For many families, Christmas is one of the few times in the year when everyone is under the same roof. The kitchen stays busy, heaters run longer and small businesses work overtime to meet holiday demand. All of that depends on one thing many people only notice when the bill comes: energy.
These costs matter even more for Hispanic households, which already carry higher energy burdens than the national average. American Council for an Energy Efficient Economy (ACEEE) research finds that more than a quarter (28%) of Hispanic households face a high energy burden, meaning they spend over six percent of their income on home energy bills.
At the same time, a growing number of working families fall into the ALICE category (asset limited, income constrained, employed). ALICE data shows that as of 2022, about 42% of U.S. households, roughly 54 million, were below the ALICE threshold. More than half of these Hispanic households (54%) fell into poverty or ALICE status. These families are working, many in essential jobs, but still struggle to cover basics like housing, childcare, food and utilities.
For households already stretched this thin, energy policy is not abstract. It is a line item in the monthly budget.
What the Energy Choice Act Actually Does
The recently introduced Energy Choice Act is designed to prevent states and local governments from banning or limiting access to an energy service based solely on the type or source of energy. If passed, cities could not enact ordinances that effectively block new natural gas connections, or on the other side, block electricity or renewable fuels. The goal is simple: protect the ability of families and businesses to choose the mix of energy that fits their needs and budget.
When Natural Gas Bans Meet Real World Costs
Natural gas bans often start with building codes that prohibit new gas hookups. Berkeley, California became the first U.S. city to pass such a ban in 2019, which blocked natural gas piping in most new buildings. The California Restaurant Association sued and argued that such bans harm restaurants that rely on gas cooking. In 2023, the Ninth Circuit Court of Appeals and Berkeley ultimately settled and began repealing the ban.
For small restaurants, especially those that are Hispanic-owned, this was not a symbolic fight. Commercial kitchens are often built around gas stoves and gas water heating. To force all electric construction can mean higher operating costs and more expensive equipment. Or, even make it impossible to open in the first place.
The same problem shows up at home. Studies of forcing buildings to be all-electric in California and other regions find that retrofitting an existing gas-heated home to fully electric systems can cost thousands of dollars. Southern California Regional Energy Network electrification review shows projects ranging from five thousand to nearly 20 thousand dollars, with some modeled scenarios reaching 28 thousand dollars to replace gas space and water heating with electric alternatives. For ALICE and low-income families, these numbers are far out of reach.

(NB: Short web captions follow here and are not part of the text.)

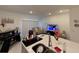 Open concept kitchen and living area with island, stainless steel appliances, and comfortable seating at 1861 Roosevelt Pl, St Cloud, FL 34769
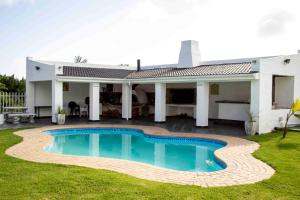 a house with a swimming pool in the yard at Victoria Heights B&B in George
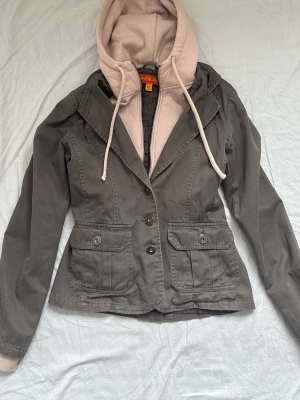 Grå kavajjacka med hoodie från Fishbone - Snygg grå kavajjacka från Fishbone med inbyggd ljusrosa hoodie och dragkedja. Jackan har två stora fickor framtill, knappar och en avslappnad passform. Perfekt för dig som vill ha en mix mellan street och casual stil.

Why Energy Choice Matters Most to Struggling Households
Federal data also shows that natural gas is often the least expensive way to heat a home on a per unit energy basis. A Department of Energy representative cost comparison found residential electricity averaging about $38 to $42 per million Btu versus around $10 to $12 for natural gas. This means electric heat can cost roughly three to four times more per unit of energy before efficiency is even considered.
The Energy Information Administration reports that about 45 to 46 percent of U.S. homes still rely on natural gas as their primary heating fuel and that households heating with electricity face rising costs in coming winters as electric rates increase, while natural gas heating bills are expected to stay roughly flat.
If policymakers ban new natural gas service, ALICE and Hispanic households end up squeezed twice. They are already more likely to have higher energy burdens and less financial cushion. Energy bans then force them to replace working gas furnaces, stoves or water heaters with new electric systems that can cost thousands of dollars. For small businesses, especially family owned restaurants, the same dynamic can decide whether a new location opens or stays only an idea on paper.
A Christmas Gift That Protects Families’ Options
Energy choice does not mean favoring one technology forever. It means allowing families to adopt new options when they are financially ready, and not because a local code suddenly removed their existing choices. The Energy Choice Act protects the option to use natural gas, but it also protects access to electricity, renewable sources, and future low carbon fuels.
For Hispanic households that already devote a larger share of their income to energy, protecting that choice is not a luxury. Protecting that choice is a guardrail against policies that unintentionally raise bills and retrofit costs at the worst possible time.
This Christmas, as lawmakers debate the future of American energy, keeping choice on the table is one of the most practical gifts they can give. It means a better chance that Hispanic families can afford to heat their homes, run their businesses and keep the lights glowing through the holidays.